- _What is required_
Given these entries, repeat exactly the lines starting with the one that has "The assessment objectives" and going on through the one that has "So first of", both included, but none of the pictures.

- _Supplied entries_
• • • • •

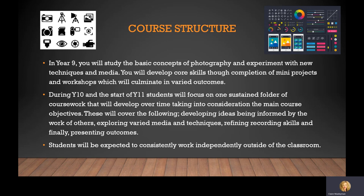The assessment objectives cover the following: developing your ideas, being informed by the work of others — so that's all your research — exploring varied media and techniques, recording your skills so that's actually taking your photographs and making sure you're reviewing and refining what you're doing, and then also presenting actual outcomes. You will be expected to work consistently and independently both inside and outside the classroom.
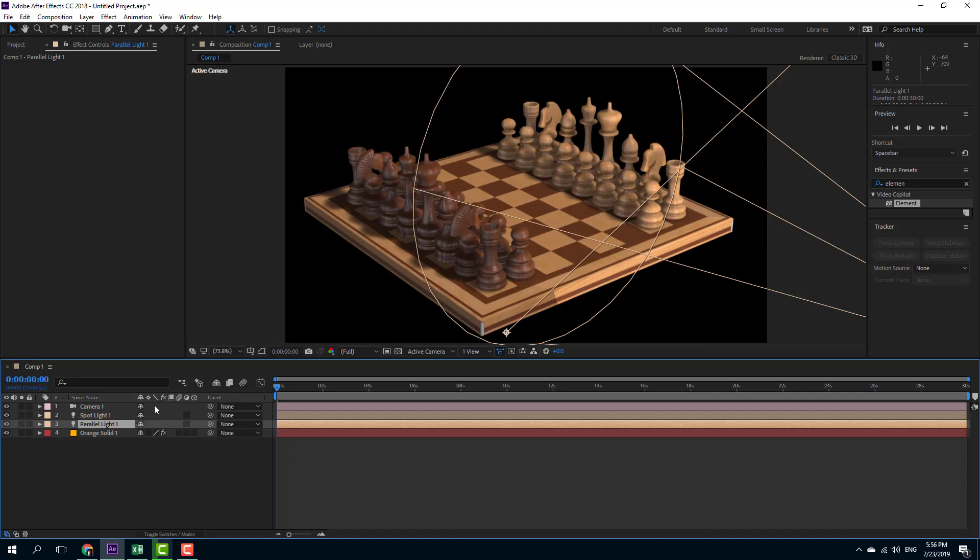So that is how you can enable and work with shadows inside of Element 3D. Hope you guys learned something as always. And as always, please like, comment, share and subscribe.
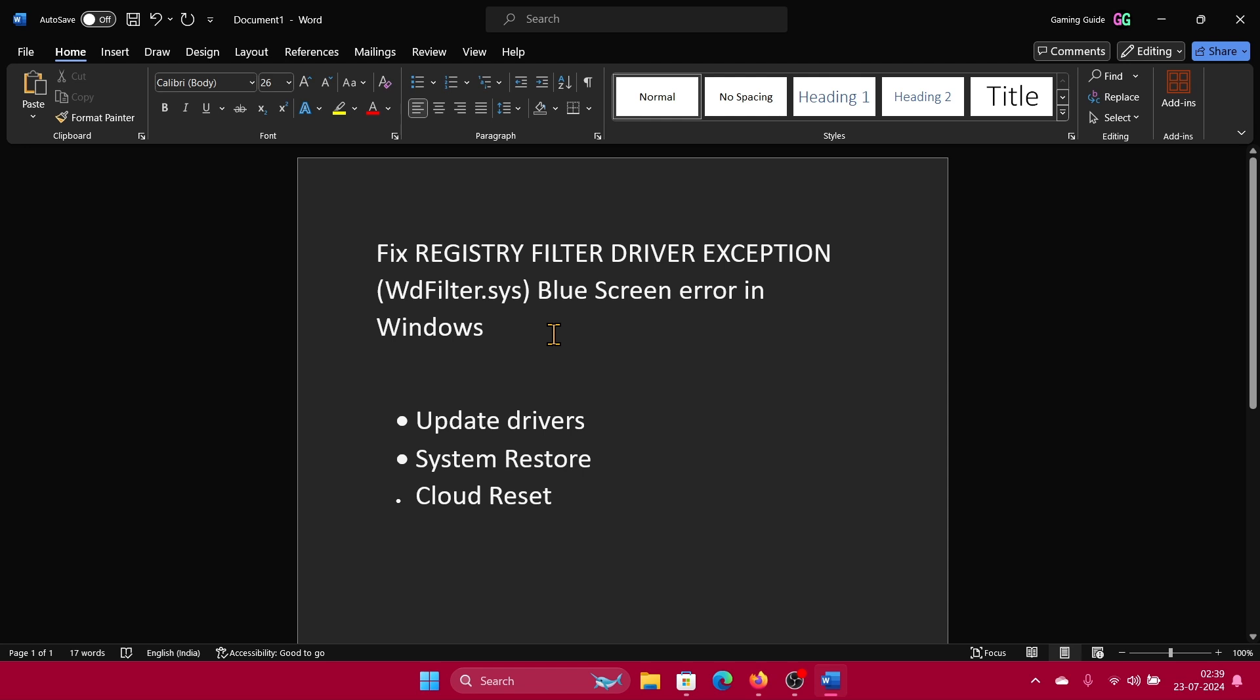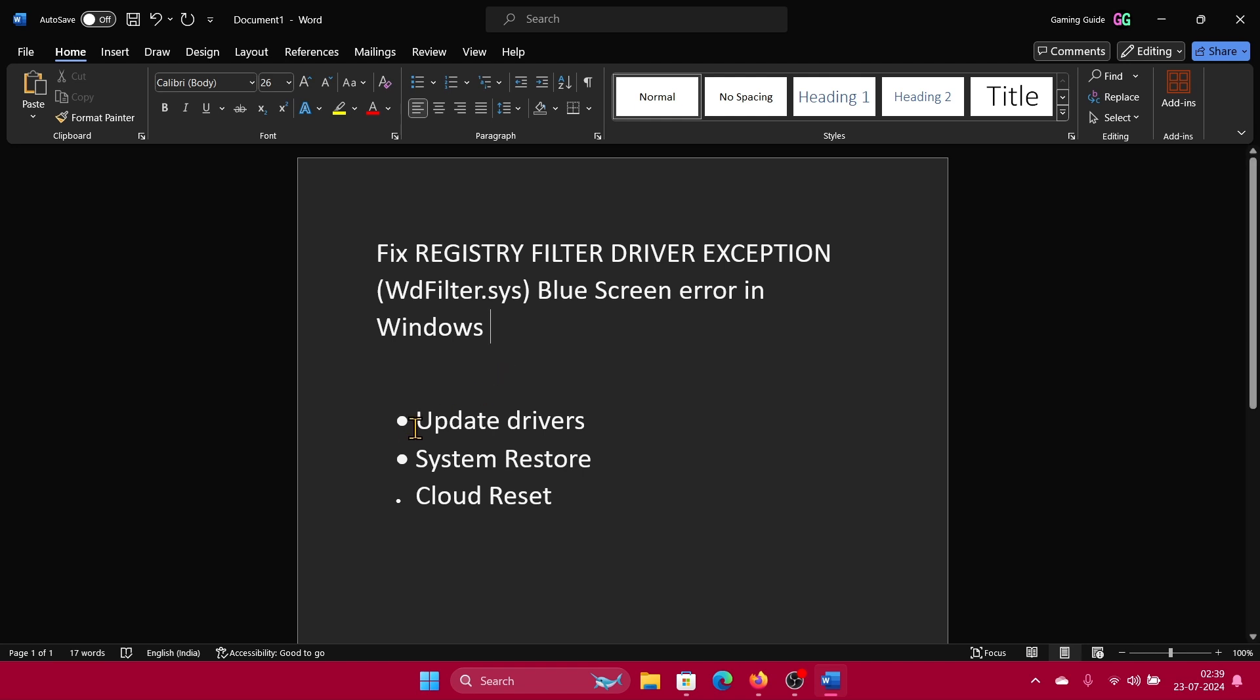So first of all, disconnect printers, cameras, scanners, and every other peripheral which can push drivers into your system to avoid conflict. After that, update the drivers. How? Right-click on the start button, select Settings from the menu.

• • • • •

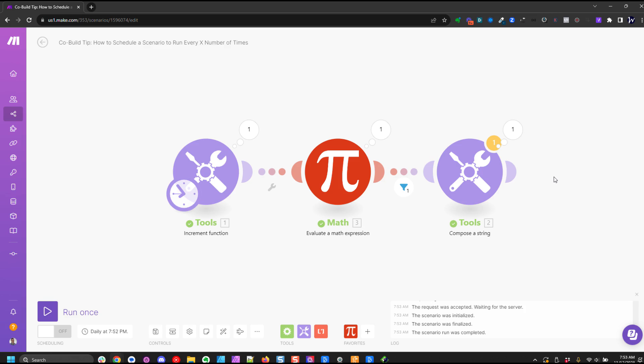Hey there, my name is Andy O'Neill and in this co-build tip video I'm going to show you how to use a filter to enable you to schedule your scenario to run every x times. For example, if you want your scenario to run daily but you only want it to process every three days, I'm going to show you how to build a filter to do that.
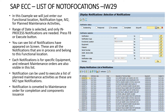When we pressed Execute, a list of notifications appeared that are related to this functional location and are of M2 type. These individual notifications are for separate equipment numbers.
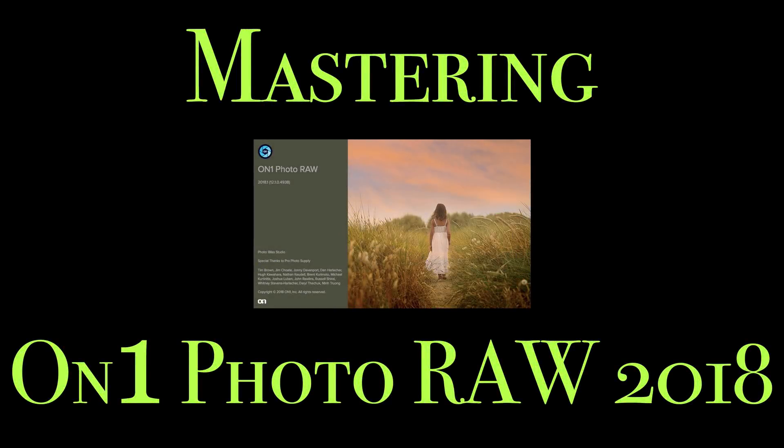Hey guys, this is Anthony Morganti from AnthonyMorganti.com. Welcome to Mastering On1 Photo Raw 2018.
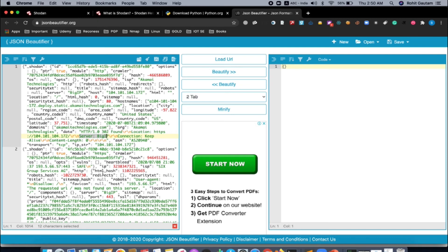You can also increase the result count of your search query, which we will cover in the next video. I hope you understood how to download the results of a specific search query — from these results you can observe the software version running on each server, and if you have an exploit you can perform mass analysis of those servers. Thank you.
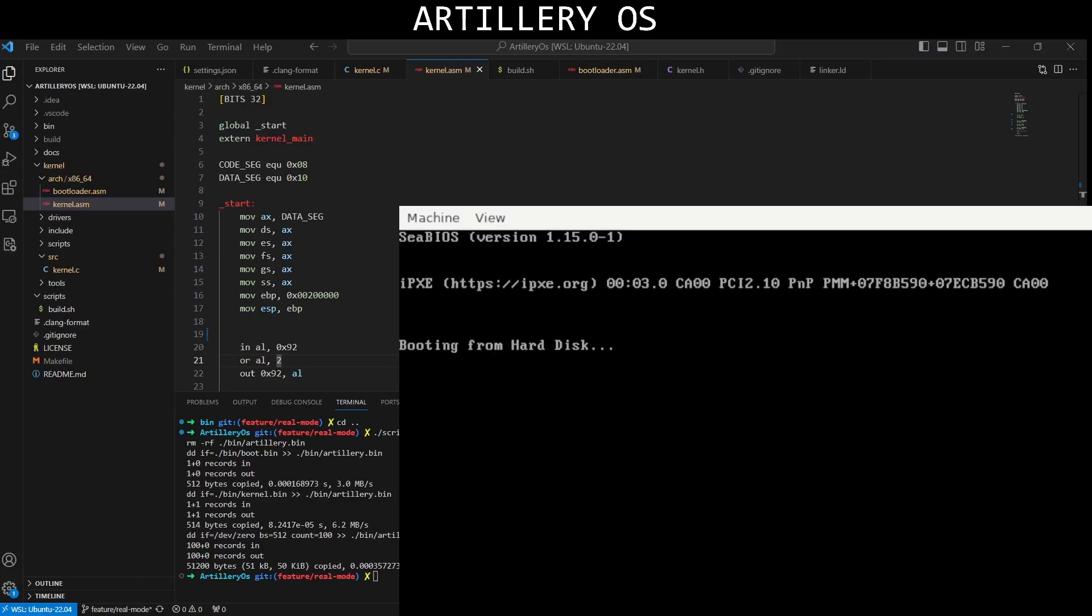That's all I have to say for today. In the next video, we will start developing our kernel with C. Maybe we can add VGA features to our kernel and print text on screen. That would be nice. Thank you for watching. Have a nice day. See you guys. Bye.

• • • • •

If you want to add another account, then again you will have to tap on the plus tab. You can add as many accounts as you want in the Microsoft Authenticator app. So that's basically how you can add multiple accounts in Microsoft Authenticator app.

• • • • •

- _Response area_
The assessment objectives cover the following: developing your ideas, being informed by the work of others — so that's all your research — exploring varied media and techniques, recording your skills so that's actually taking your photographs and making sure you're reviewing and refining what you're doing, and then also presenting actual outcomes. You will be expected to work consistently and independently both inside and outside the classroom.
So that is how you can enable and work with shadows inside of Element 3D. Hope you guys learned something as always. And as always, please like, comment, share and subscribe.
So first of all, disconnect printers, cameras, scanners, and every other peripheral which can push drivers into your system to avoid conflict. After that, update the drivers. How? Right-click on the start button, select Settings from the menu.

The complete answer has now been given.